Recent advances on the preparation and combustion performances of boron-based alloy fuels

Abstract

Boron-based alloy fuels are expected to replace boron to improve ignition performance and combustion efficiency of boron-based fuel-rich propellant. A large amount of work has been published on this topic. This literature review focuses on the preparation methods and combustion performances of boron-based alloy fuels include binary alloy fuels and ternary alloy fuels. The metals can be used to prepare boron-based alloy fuels include Mg, Al, Ti, Fe, etc. The preparation techniques include mechanical blending, high energy ball milling, arrested reactive milling, sonochemical synthesis and wet chemistry deposition.
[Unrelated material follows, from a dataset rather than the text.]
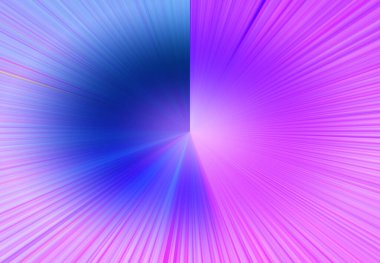 soyut renkli arkaplan, hızlı hareket kavramı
In terms of gravimetric energy density, (Al/2B)(AlB2) prepared by high temperature sintering and B-Ti-Al alloy fuels prepared by sonochemical synthesis are best choices whose gravimetric energy density measured by oxygen bomb calorimetry rival 33.3 kJ g−1 and 32.6 kJ g−1 respectively higher than the theoretical gravimetric energy density of Al that is 30.8 kJ g−1. The presence of Mg and Al can help to decrease the ignition delay time and increase the burning rate of boron fuels. MgB2 has the best ability for decreasing the ignition delay time by contrast. B-Fe alloy fuels prepared by high energy ball milling can increase the burning rate of solid propellant significantly. These boron-based alloy fuels are expected to be applicated actually in solid fuel-rich propellants through further studies.